At the time that the connectionist folks were working on neural nets, another similar approach was genetic algorithms. Both were working in a different way than the previous formal approaches to AI. The distinction between the two became known as symbolic vs sub-symbolic. And it’s useful to review why, particularly in the current climate of increasing interest in AI and cognitive science. An interesting outcome is that the sub-symbolic work exposed the contextualized nature of our reasoning. So there’s a link between sub-symbolic and situated cognition.

The prevailing model, starting with the cognitive revolution which arguably began in 1956 (an auspicious year ;) was a formal logical one. Whether in ‘production’ rules of IF THEN, or other formal mechanisms, the notion was to operate on semantic objects like numbers and concepts. This reflected, at the time, the belief that we’re formal logical thinkers.

As cognitive research continued, there was a growing recognition that our behaviors didn’t match particularly well with formal logic (c.f.
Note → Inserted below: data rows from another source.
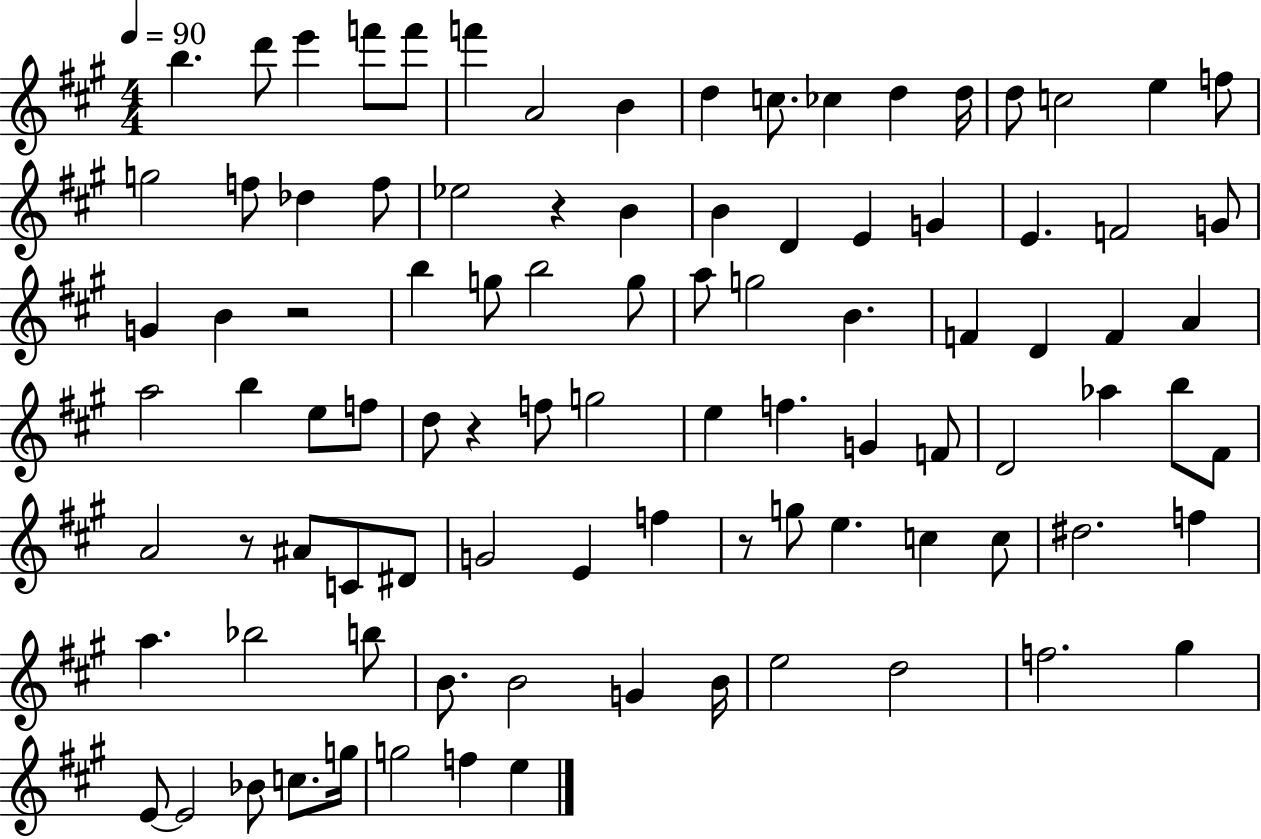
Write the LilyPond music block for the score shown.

{
  \clef treble
  \numericTimeSignature
  \time 4/4
  \key a \major
  \tempo 4 = 90
  b''4. d'''8 e'''4 f'''8 f'''8 | f'''4 a'2 b'4 | d''4 c''8. ces''4 d''4 d''16 | d''8 c''2 e''4 f''8 | \break g''2 f''8 des''4 f''8 | ees''2 r4 b'4 | b'4 d'4 e'4 g'4 | e'4. f'2 g'8 | \break g'4 b'4 r2 | b''4 g''8 b''2 g''8 | a''8 g''2 b'4. | f'4 d'4 f'4 a'4 | \break a''2 b''4 e''8 f''8 | d''8 r4 f''8 g''2 | e''4 f''4. g'4 f'8 | d'2 aes''4 b''8 fis'8 | \break a'2 r8 ais'8 c'8 dis'8 | g'2 e'4 f''4 | r8 g''8 e''4. c''4 c''8 | dis''2. f''4 | \break a''4. bes''2 b''8 | b'8. b'2 g'4 b'16 | e''2 d''2 | f''2. gis''4 | \break e'8~~ e'2 bes'8 c''8. g''16 | g''2 f''4 e''4 | \bar "|."
}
Kahnemann & Tversky’s work, summed up in  Thinking Fast and Slow). Several cognitive scientists separately came up with structures that more aptly described some of the properties we saw: Roger Schank called them scripts (he was focused on episodic thinking, not semantic), Marvin Minksy called them frames, and Dave Rumelhart called them schemas (after Bartlett).

What Rumelhart subsequently saw was that the properties he was trying to capture were very hard to represent in formal logic. He went on, with his colleague Jay McLelland and their collaborators) to develop what they called Parallel Distributed Processing (PDP). These are now known as neural nets (NNs) and are the basis for much of machine learning.
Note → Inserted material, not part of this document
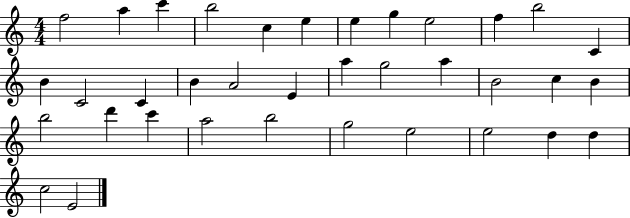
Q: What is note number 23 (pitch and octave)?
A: C5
I was in the lab at the time Dave and Jay were working on neural nets, but detoured down a different path. Following work on analogical reasoning (my Ph.D. thesis topic), I became aware of the work Holland, Holyoak, Nisbett, & Thagard were doing with induction. Their framework was genetic algorithms (GAs). Both GAs and NNs use input strings and output strings to work, but internally they represent things differently.

After so much work on symbolic reasoning, here were mechanisms operating beneath the symbolic level. Yet they were attempting to create symbolic behavior. NNs obviously, more closely resemble our cognitive architecture (though GAs are still used in some areas like program generation). So, our conscious thinking  is symbolic, but our actual cognition is happening below our conscious thinking. Hence things like illusions, fallacies, myths, and more.

What emerged from this realization is that our cognition isn’t just sub-symbolic, but  situated.  That is, what is conscious is a combination of what comes in from our senses, and what we know. In fact, with the limited attention we have,  much of what we think we’re perceiving, we’re actually generating!

This it accounts for why we’re bad at doing things by rote; we’re liable to confound steps and contexts. This ends up being important because it means we have to work harder for any learning interventions to work effectively  across  contexts. The relationship between sub-symbolic and situated is, at least to me, and interesting story of the development of cognitive science.

Yet, it still means that our learning  works most effectively at the conscious level of symbols, because that can accelerate learning over having to deal with everything through practice and feedback.  (And explains why programs talking about neural really aren’t working there.) We still need those, but conscious models can provide a framework to become self-improving over time. So don’t forget to provide the models, and sufficient practice, and feedback.